Some things teenagers have to deal with just don’t change. Heartbreak, hormones, heightened social anxiety -- it's all just part of the package.
But things that are unique to the 2015 teen experience -- social media, texting, and ephemeral messaging -- take regular teen issues to a whole new level. This isn’t breaking news, but teens are saying that adults still don’t fully get it.
And if parents and teachers can’t understand, how do they help?
Speaking on WNPR’s Where We Live, Cindy Rodriguez, a reading specialist at King Philip Middle School in West Hartford, said that teenage anxiety stems from the teenager-adult disconnect.
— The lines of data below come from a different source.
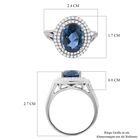 London Blau Topas und weißer Zirkon Ring, 925 Silber rhodiniert (Größe 19.00) ca. 5.06 ct image number 4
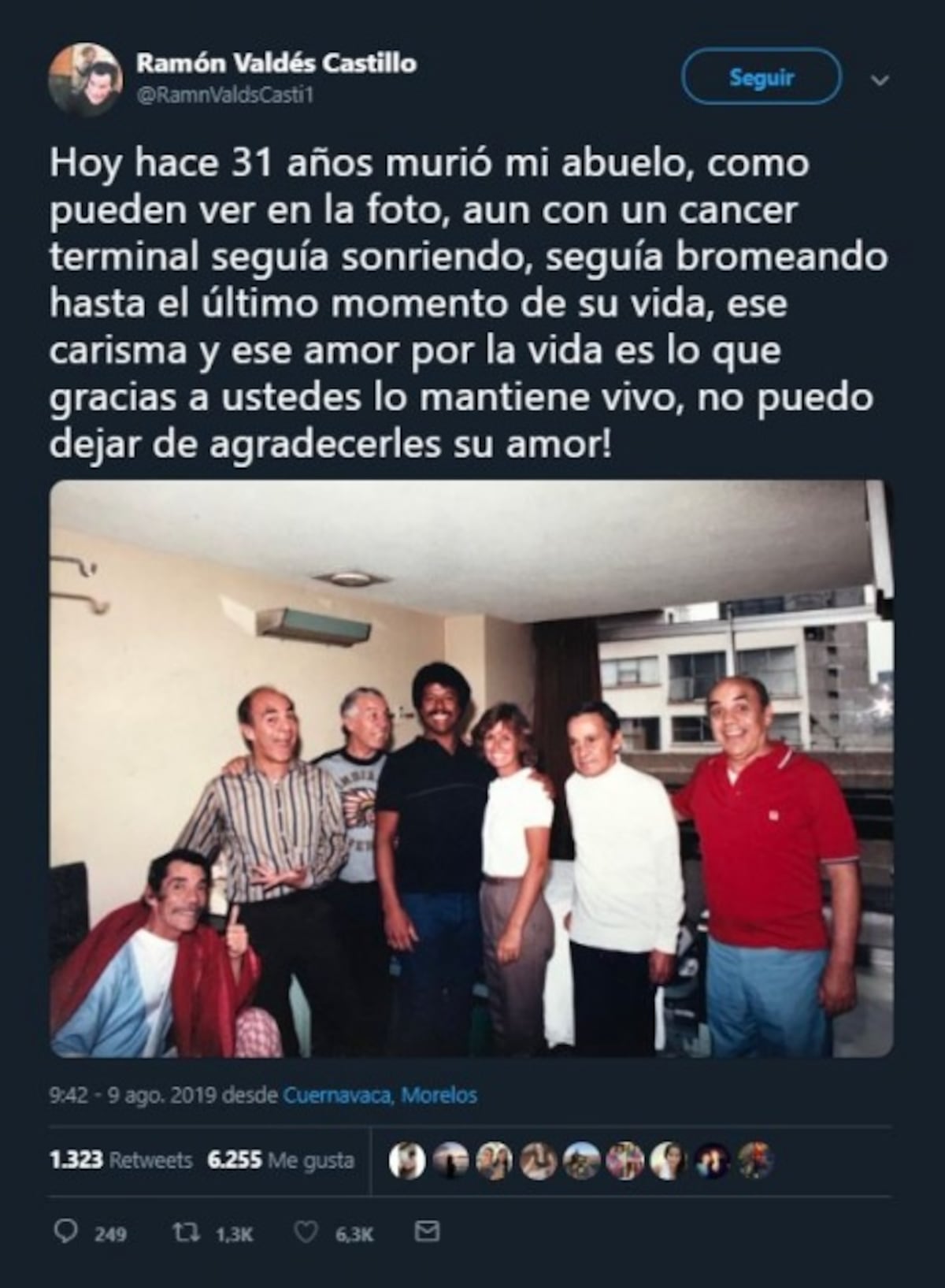 Publican conmovedora foto de ‘Don Ramón’ en el hospital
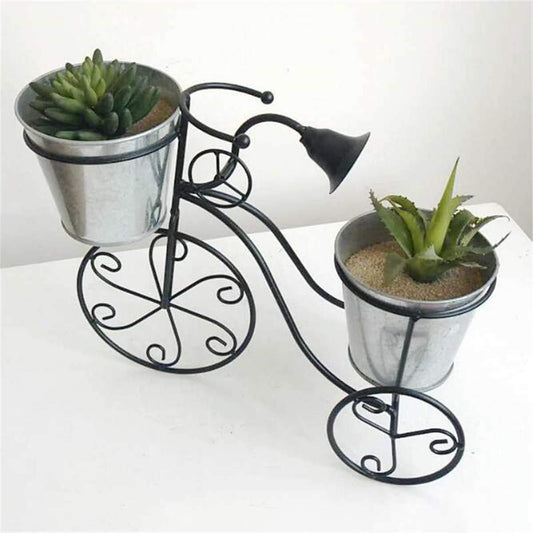 Lovely Bicycle Flower Pots Holder Plant Stand Modern Stable Metal Flower Pot Display Rack for Indoor Outdoor Balcony Home Garden Black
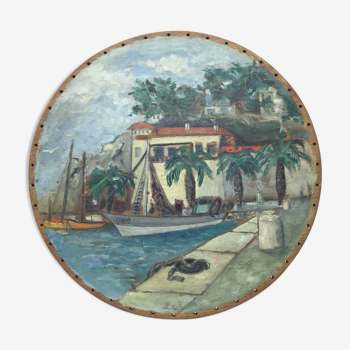 Tableau ancien, Marine, la Riviera années 50/60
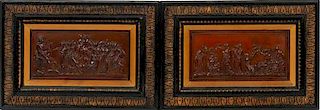 CLASSICAL STYLE COPPER RELIEF PLAQUES PAIR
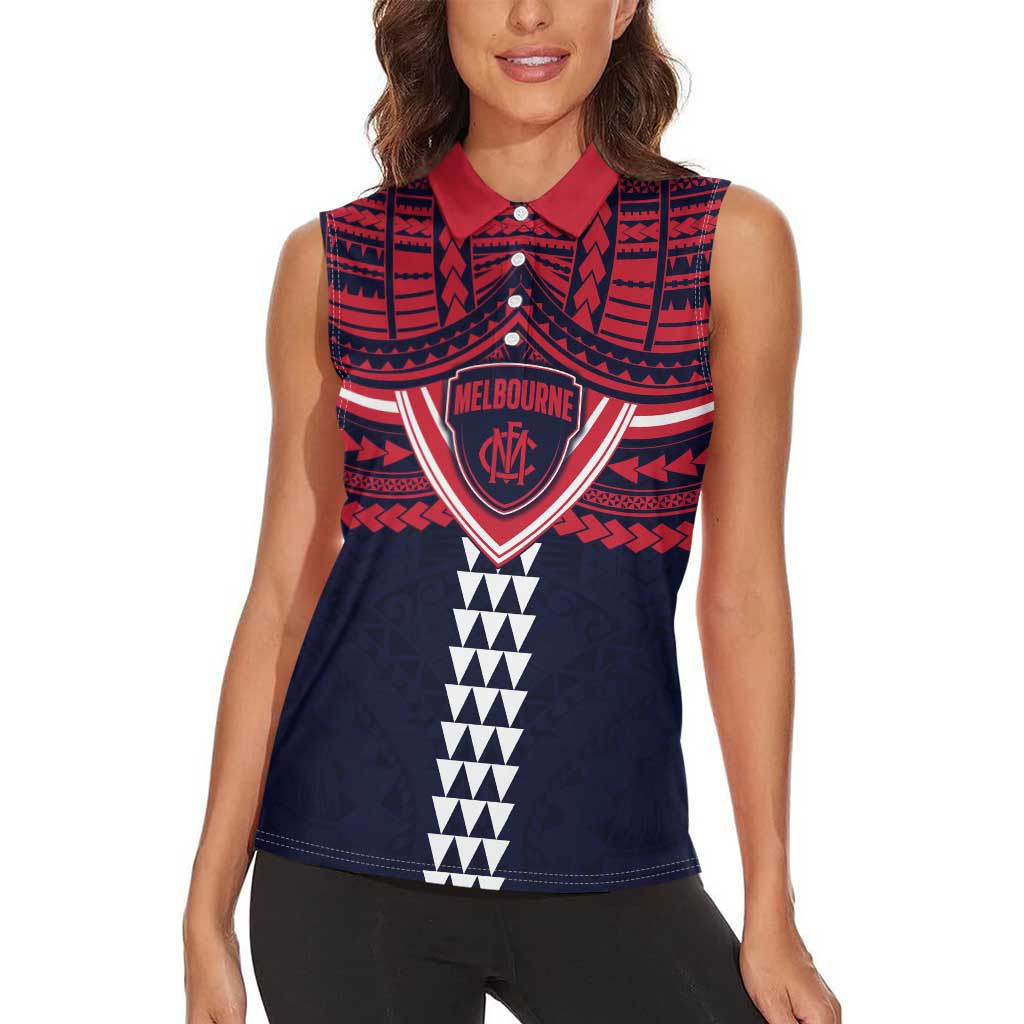 Personalized Melbourne Demons Women Sleeveless Polo Shirt Polynesian Tribal Pattern Heritage Football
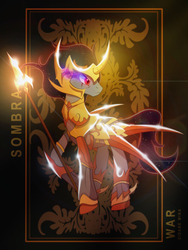 Size: 3161x4200 | Tagged: safe, artist:zidanemina, king sombra, pony, unicorn, g4, armor, crossover, helmet, looking back, male, saint seiya, scar, serious, serious face, solo, spear, stallion, weapon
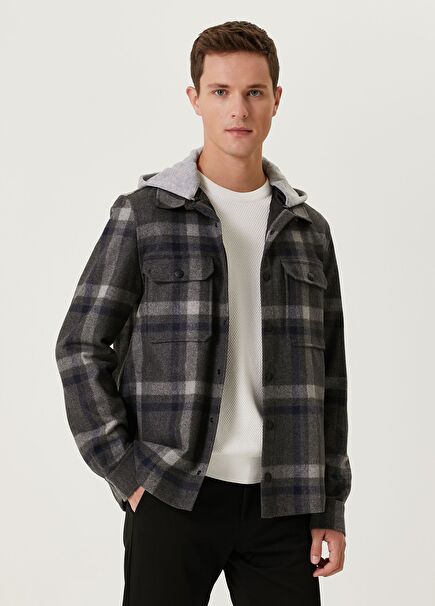 Koyu Gri Kapüşonlu Ekoseli Yün Flannel Dış Gömlek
Rodriguez’s debut novel, When Reason Breaks, tackles issues that teens often face, with the adult characters playing a positive role in the teenage struggle.
“I think in young adult fiction, adults too often are absent entirely, or part of the problem,” Rodriguez said. “But my experience has been that there are plenty of adults in the public school system who really do want to help, and have extended themselves past their professional role of teacher, or counselor, or principal.”
Outside the classroom, things get a little more complicated.
Shamoya Hanson and Vi’Quan Herring, high school seniors at the Journalism and Media Academy in Hartford, said teenagers mask their emotions, and that while discipline is important, it can often conflict with teens’ transition to adulthood.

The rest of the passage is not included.